Kyokka do you know what has happened?! A zit! A plump, half ripe mountain of a felony has set up base on my face. A pimple so huge, it looks like a teabag has attached itself to my cheek.
This simply won’t do. I cannot accept bumpage! Have you ever seen Alek Wek with grip? Nada. We baldies need to have faces that look like they get marinated in milk on a regular.
All this derma-drama because of EXCITOSSSSSS. I’m looking forward to 411 so much that my body isn’t satisfied with involving feelings. It’s bringing in hormones as well.

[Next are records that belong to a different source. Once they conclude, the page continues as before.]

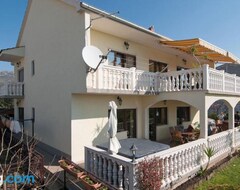 Toàn bộ căn nhà/căn hộ Apartments Corana (Kaštela, Croatia)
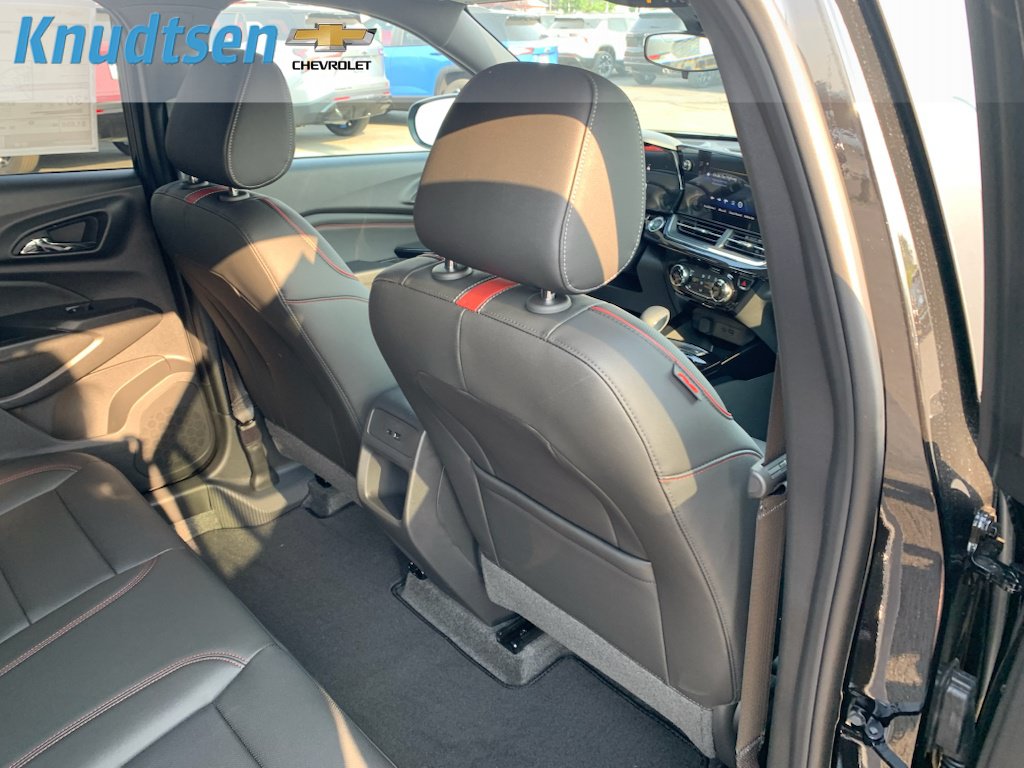 New 2026 Chevrolet Trax RS w/ Driver Confidence Package FWD image 14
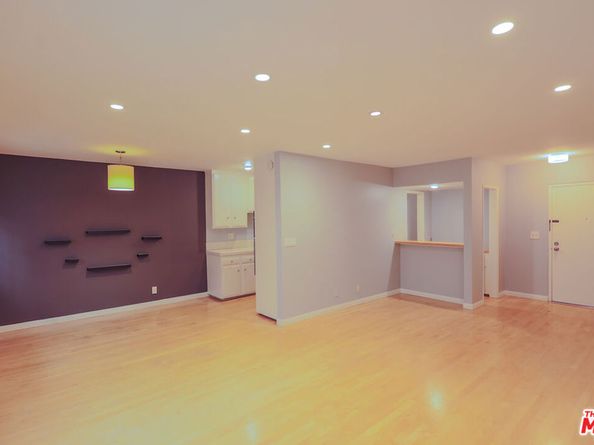 1250 N Kings Road 303, West Hollywood CA 90069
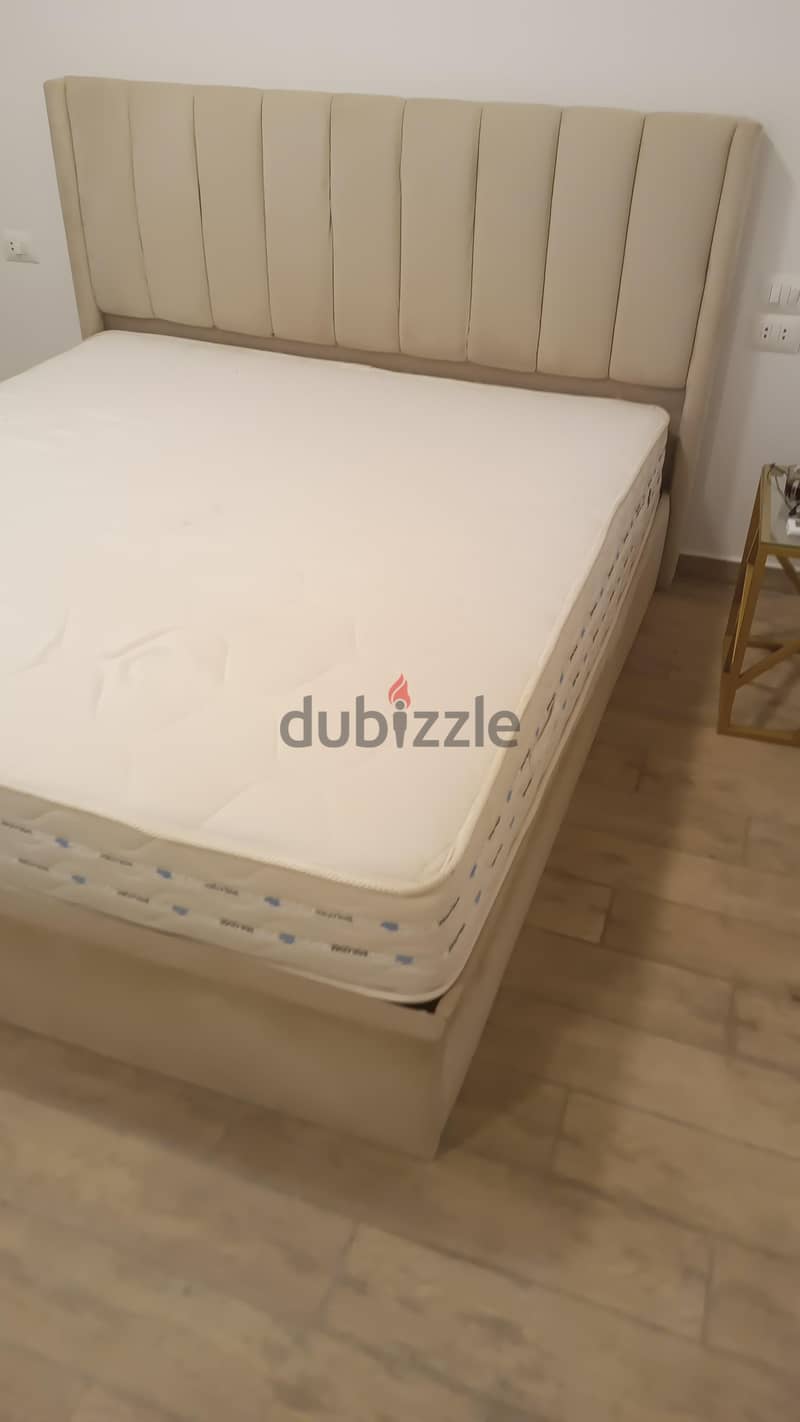 Bed with mattress 2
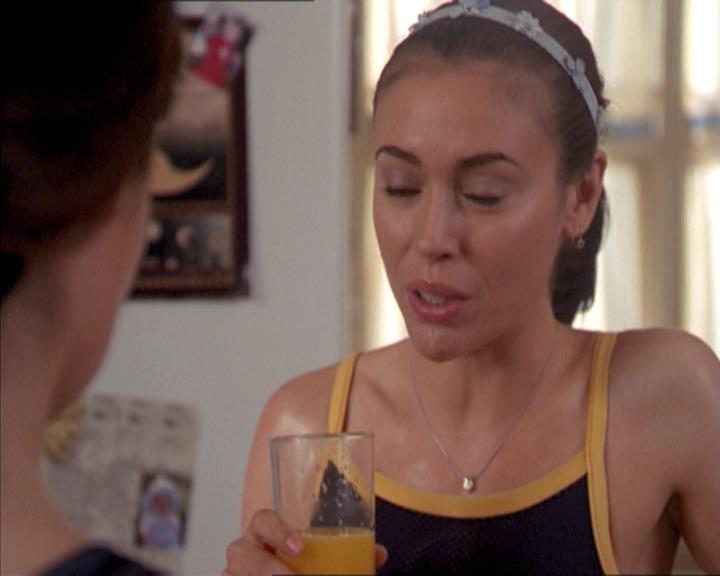 Charmed-Online-dot-215GiveMeASign0138.jpg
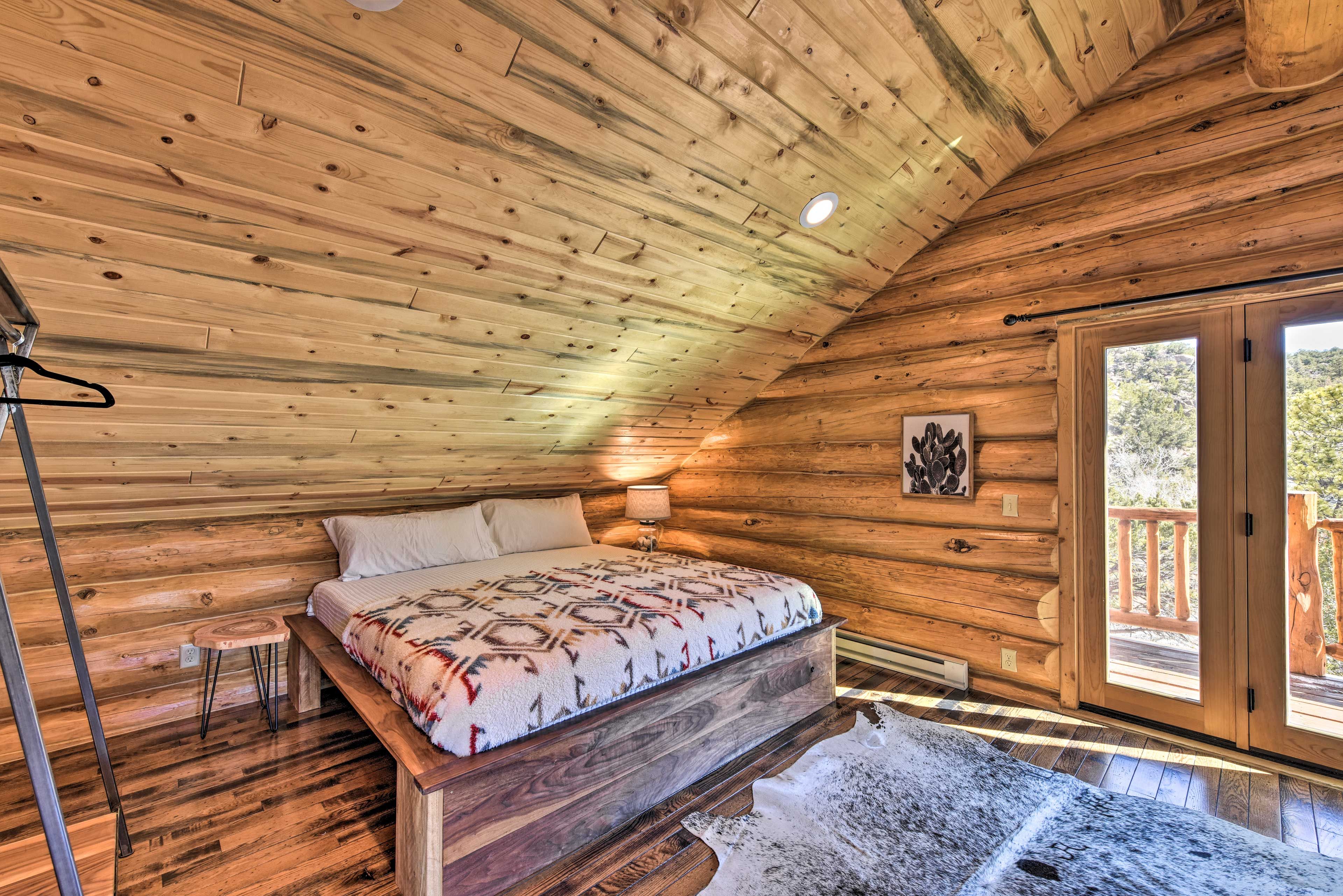 Bedroom 2 | King Bed | Second Level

You know how Catholic school girls have a rep for partying like drag queens and being very shady indeed when they finally attain ‘freedom’? Hmn. They can’t even begin to touch the enthusiasm of the (usually) curfew-ed tween. If I am braving dogs, gate spikes and banishment to jump for this harre, I’m not going to allow a zit to come between me and drop dead mamanyabocomeandsee hotness.
Breaking News! This just in! Read the next paragraph with enthusiasm!!!!!!!

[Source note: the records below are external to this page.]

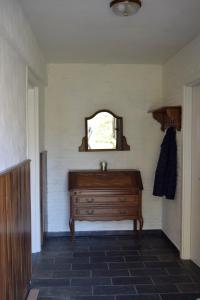 马塞克Vakantiewoning Wurfeldermolen的一间带木制水槽和镜子的浴室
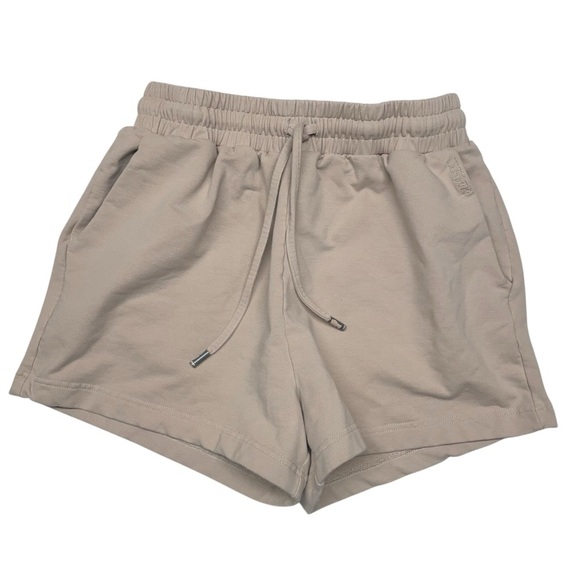Meshki Beige Shorts Size Medium - Picture 1 of 10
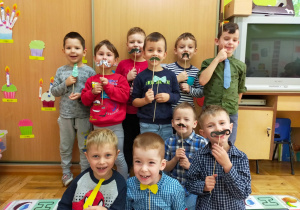 chłopcy z grupy I z wąsami, muchami i krawatami umieszczonymi na patyczkach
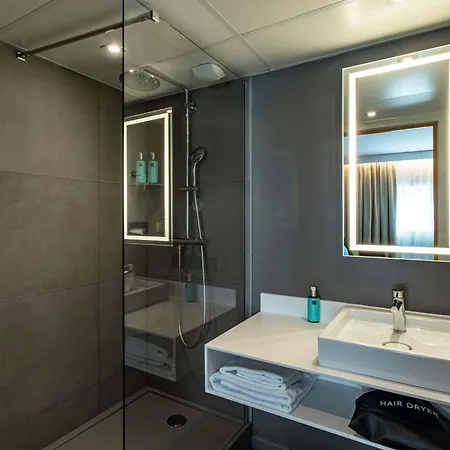 Novotel 14 Porte D'orleans Hotel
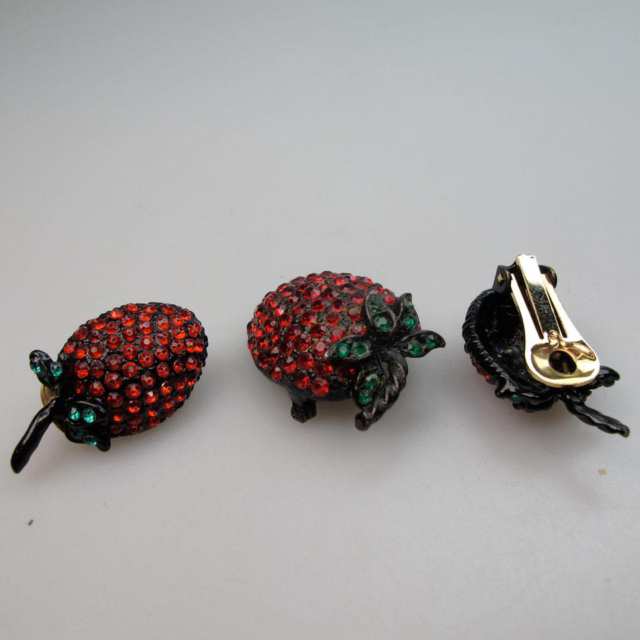 3 Piece Weiss Brooch And Earring Japanned Metal Suite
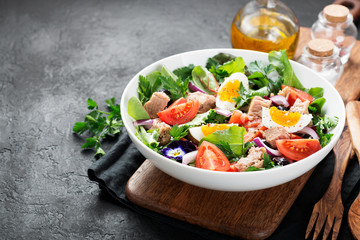 Tuna Fish Salad with Lettuce, Cherry Tomatoes, egg and olives.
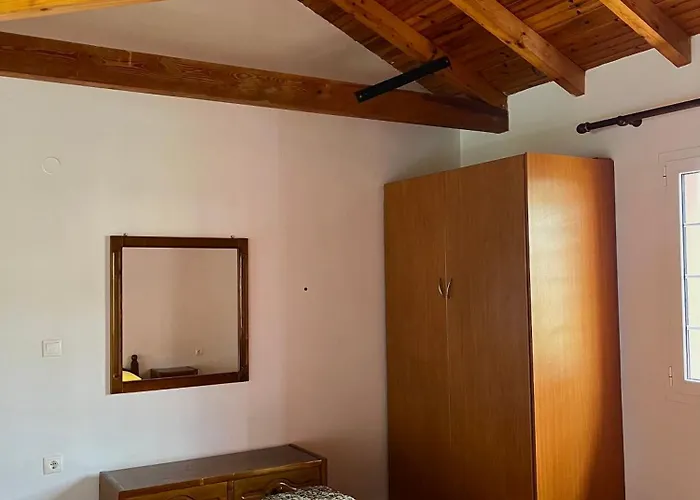 Resbithas Aparthotel 3*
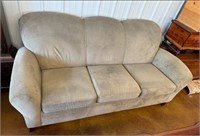 Couch ( NO SHIPPING)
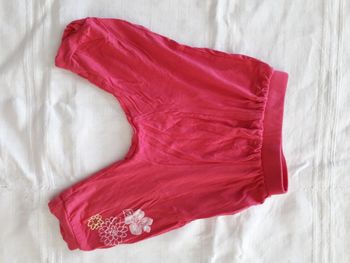 Sarouel rose avec dessin de fleurs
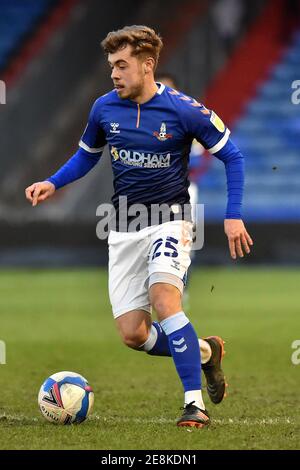 OLDHAM, ANGLETERRE. 30 JANVIER photo d'action d'Oldham Athletic Alfie McCalmont lors du match Sky Bet League 2 entre Oldham Athletic et Salford City à Boundary Park, Oldham, le samedi 30 janvier 2021. (Credit: Eddie Garvey | MI News) Credit: MI News & Sport /Alay Live News Banque D'Images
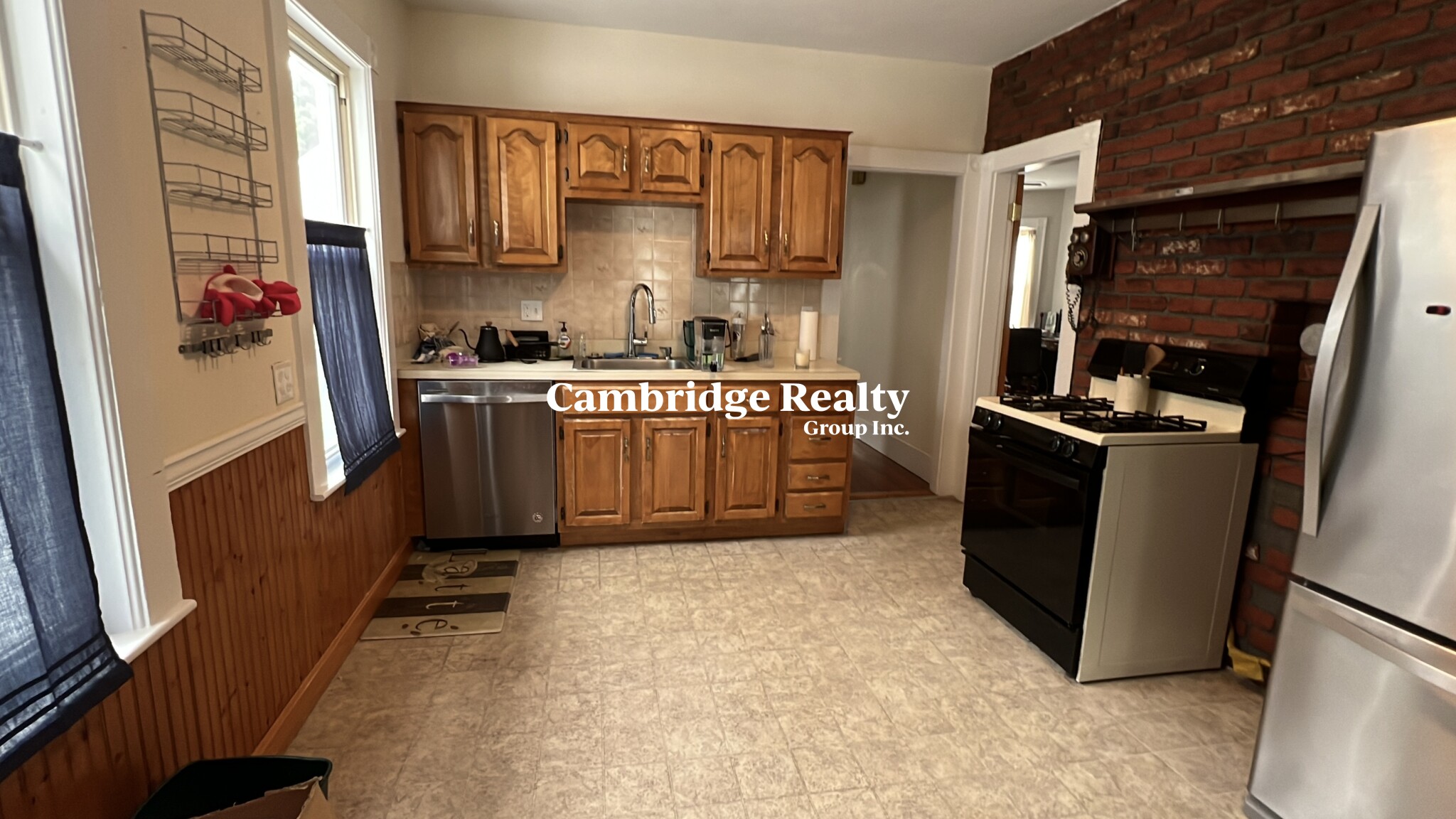 16 Edward Sullivan Rd, West Cambridge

I have just, now now, established for sure that this harree is going to be legendawesome. How? I popped the formidable pimple two minutes ago. Before I’d even gotten my fingers into proper pressure applying position, thick things stumbled, oozed, badunkadrooged out. Grrrut. Grrrut. Gruuuuut. And in the yellow mess on my face, I saw a complete and total blast.
Don’t be grossed out. Don’t puke in your mouth. If you already have, swallow it. I’m putting Colgate herbal on the angry sore. By 411, I will have returned to flyness.
Because we can’t allow your chief of security to look fake. Not even if what.